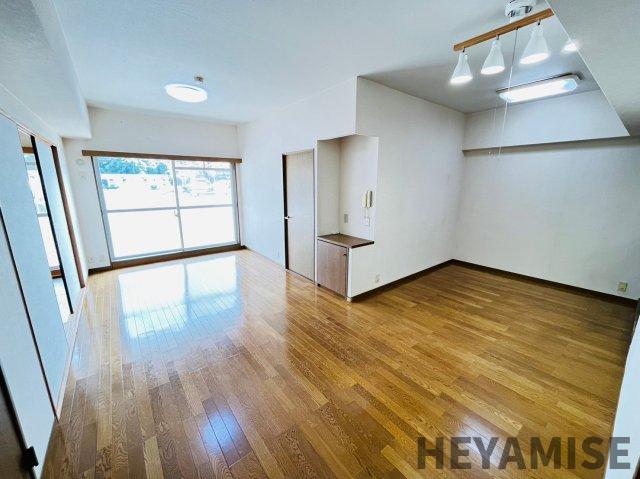 居室・リビング　※類似間取りのお部屋の参考画像です※現況を優先します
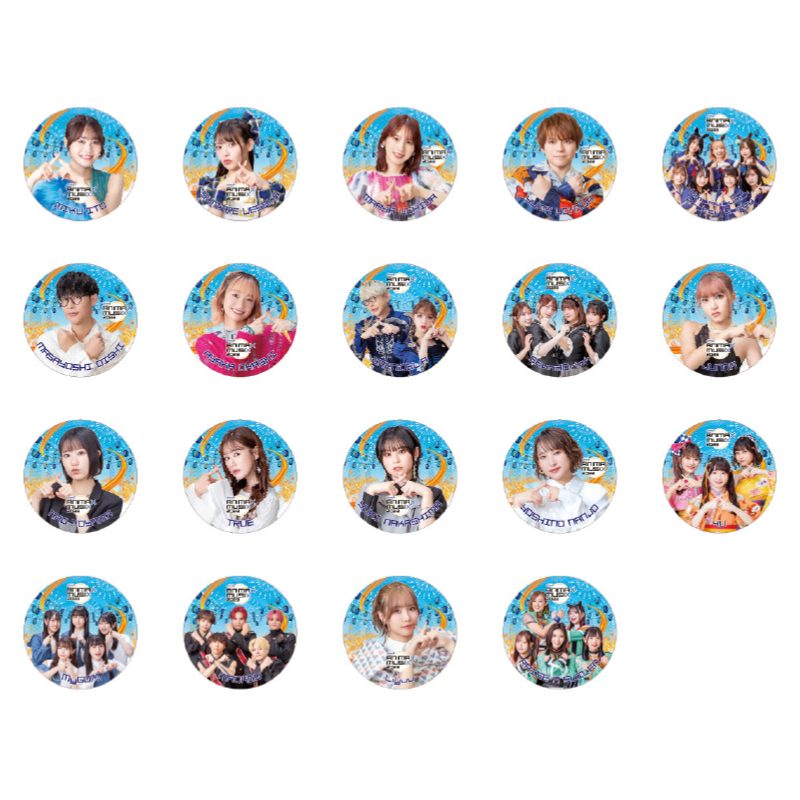 GOODS -グッズ- | 2023年開催のANIMAX MUSIX | ANIMAX
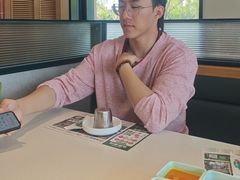 -韩香福烤肉庄园(文化西路店)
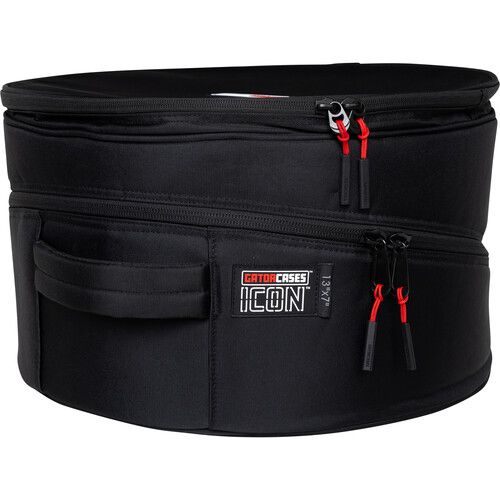  Gator ICON Snare/Tom Bag (13 x 7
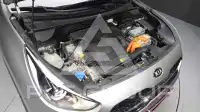 2020 KIA Niro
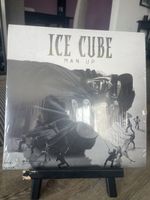 Ice Cube / Man up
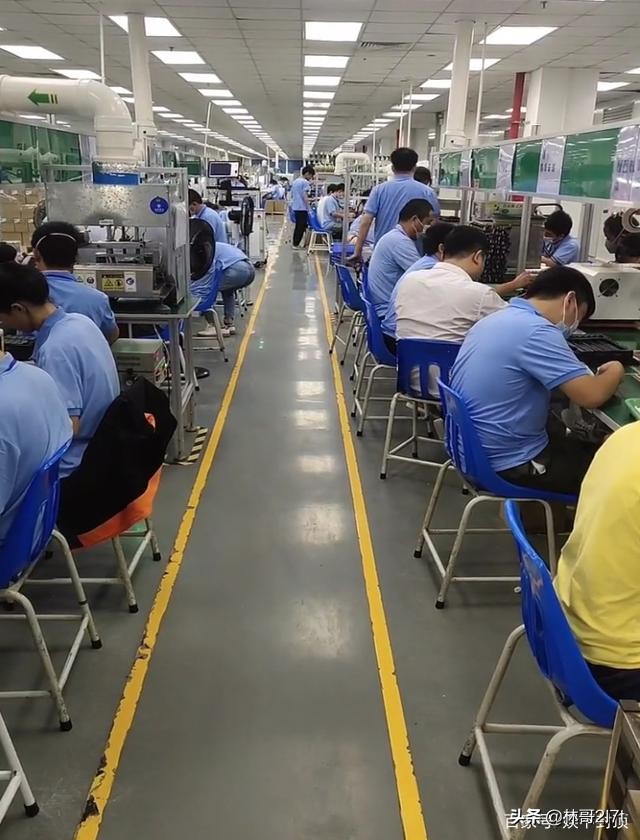 SMT贴片技术在电子产品制造中的变革与创新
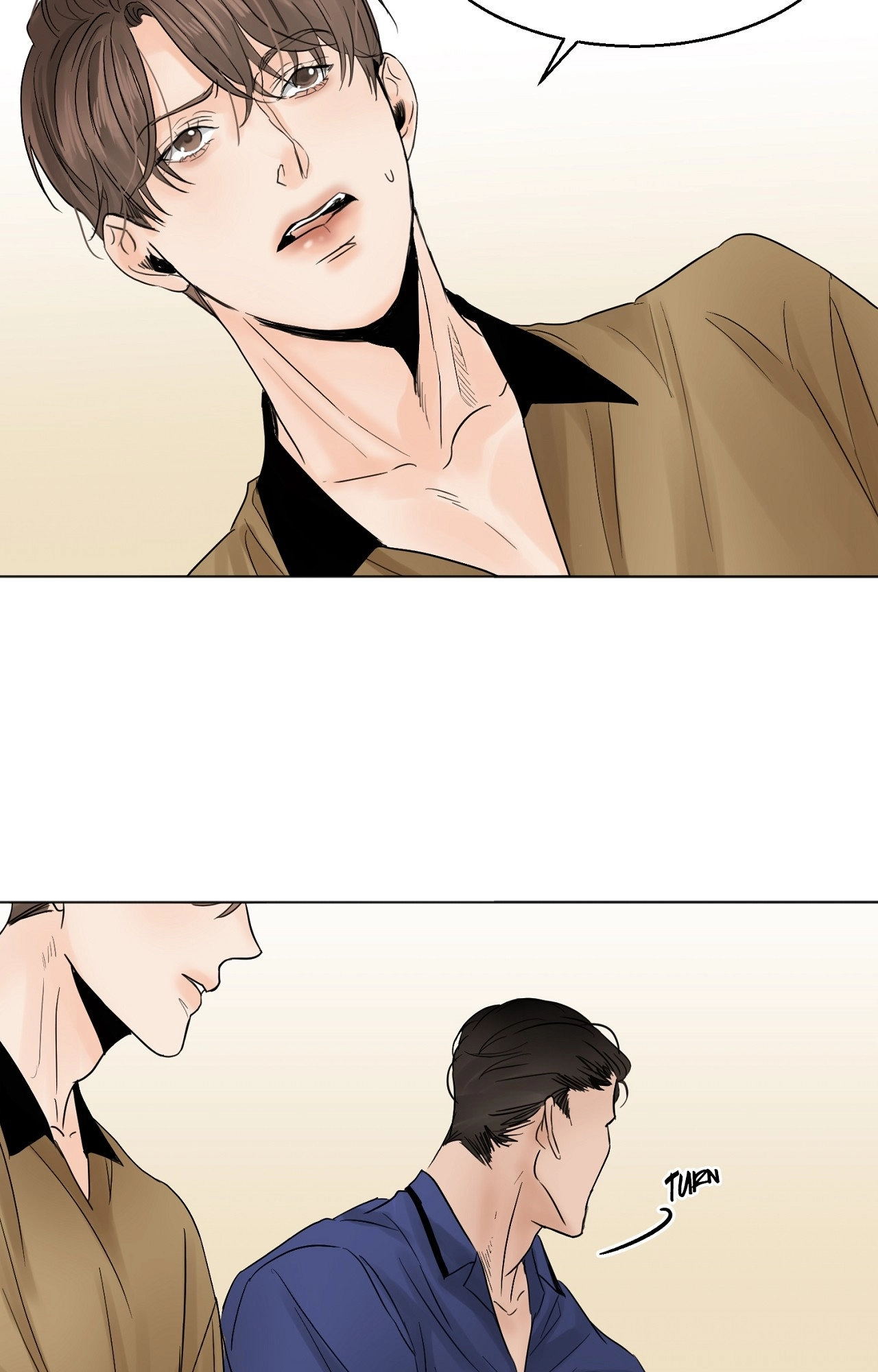 Read Secondo Piatto chapter 8 image 33 on Lezhin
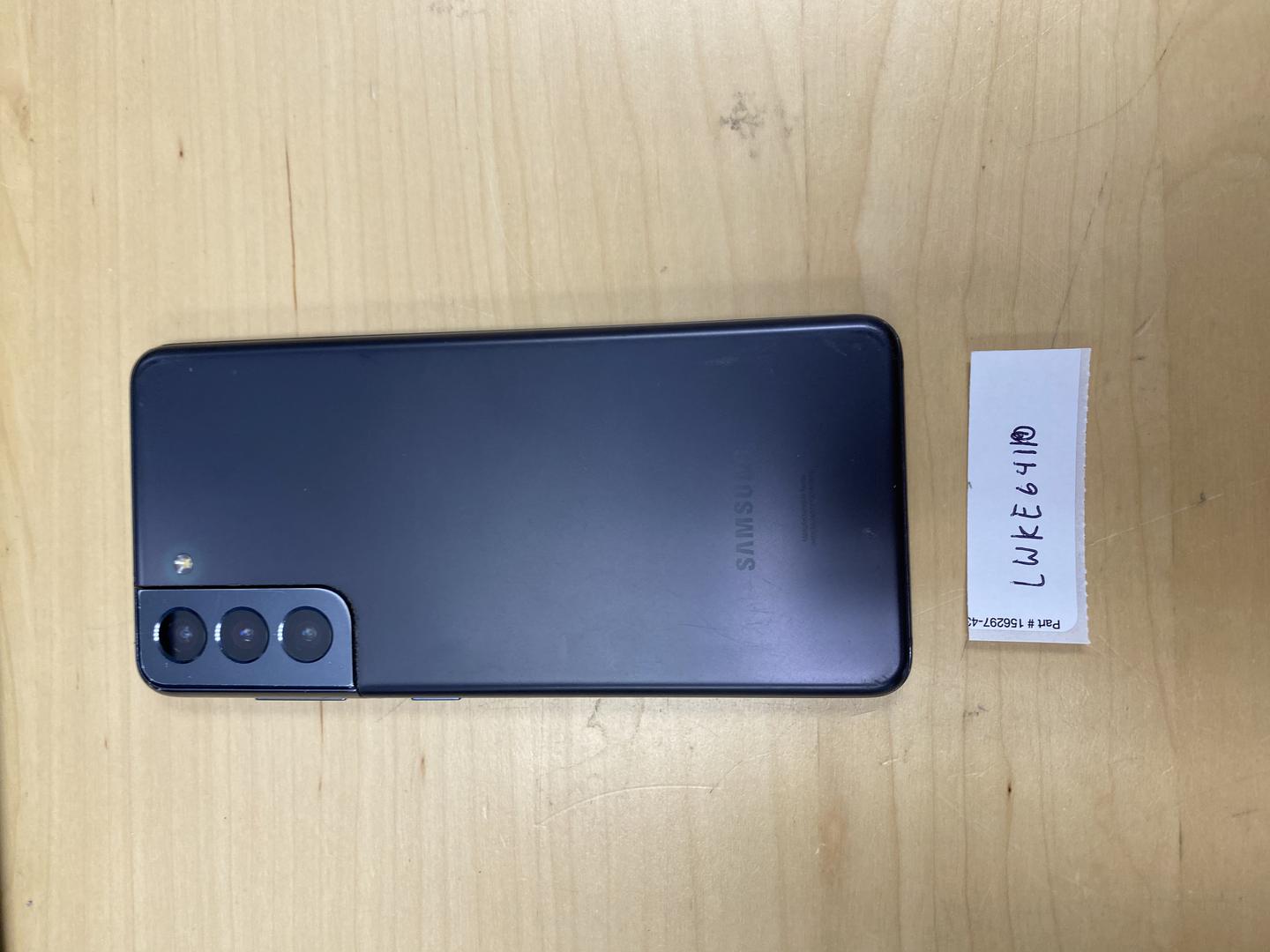 Samsung Galaxy S21 5G, color Gray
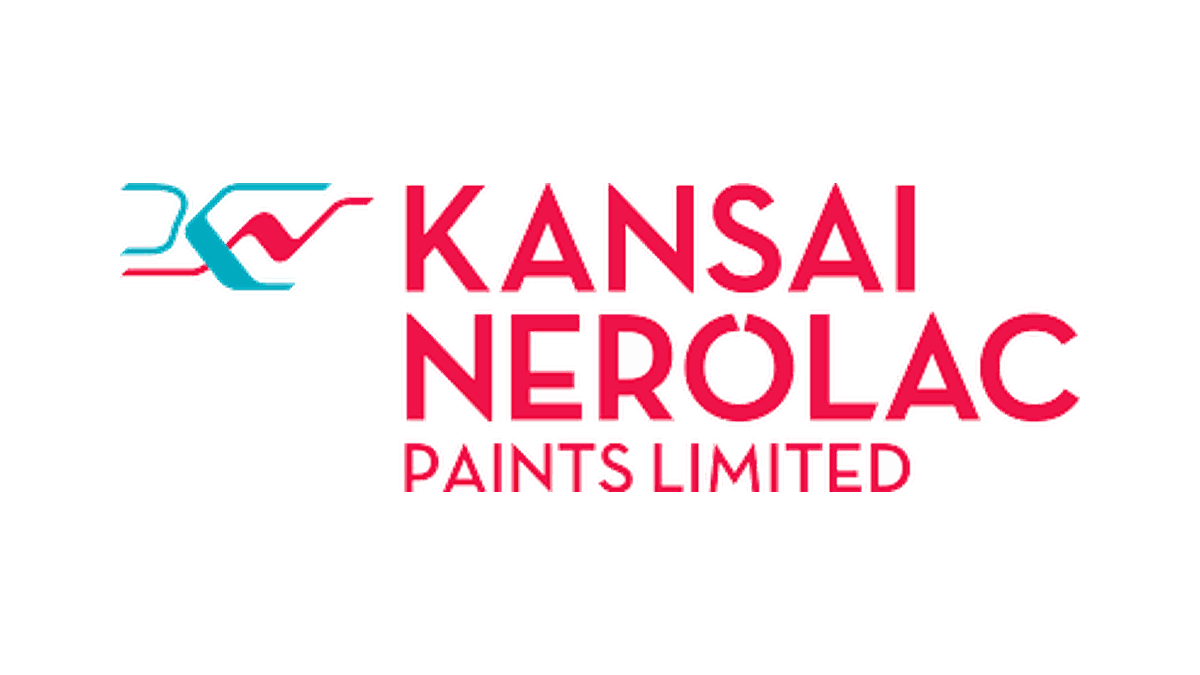 KANSAI NEROLAC logo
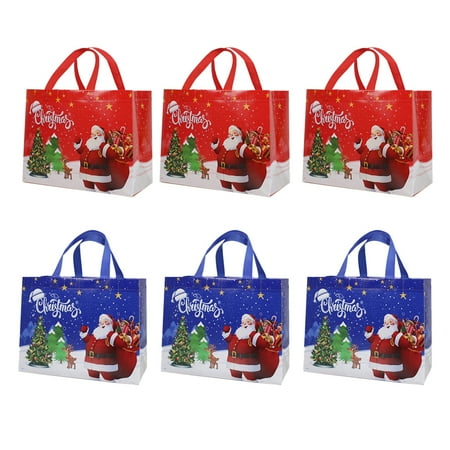 Cheap large christmas gift bags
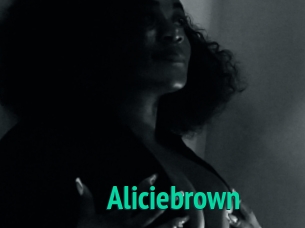 Aliciebrown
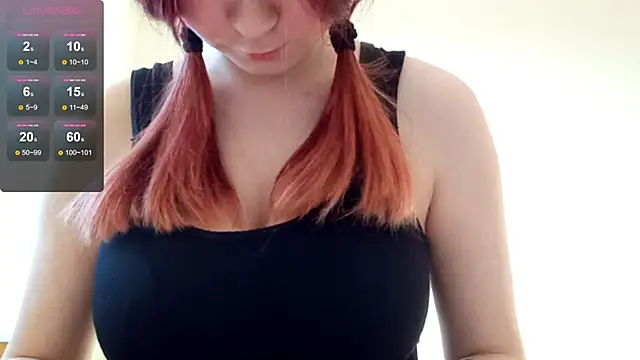 Snapshot of velyraxis chatting on 14, 5, 2026 velyraxis online show from 14, 5, 2026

────

**What is needed**
The records above are to be copied exactly, with no pictures carried over.

**Your response**
 居室・リビング　※類似間取りのお部屋の参考画像です※現況を優先します
 GOODS -グッズ- | 2023年開催のANIMAX MUSIX | ANIMAX
 -韩香福烤肉庄园(文化西路店)
  Gator ICON Snare/Tom Bag (13 x 7
 2020 KIA Niro
 Ice Cube / Man up
 SMT贴片技术在电子产品制造中的变革与创新
 Read Secondo Piatto chapter 8 image 33 on Lezhin
 Samsung Galaxy S21 5G, color Gray
 KANSAI NEROLAC logo
 Cheap large christmas gift bags
 Aliciebrown
 Snapshot of velyraxis chatting on 14, 5, 2026 velyraxis online show from 14, 5, 2026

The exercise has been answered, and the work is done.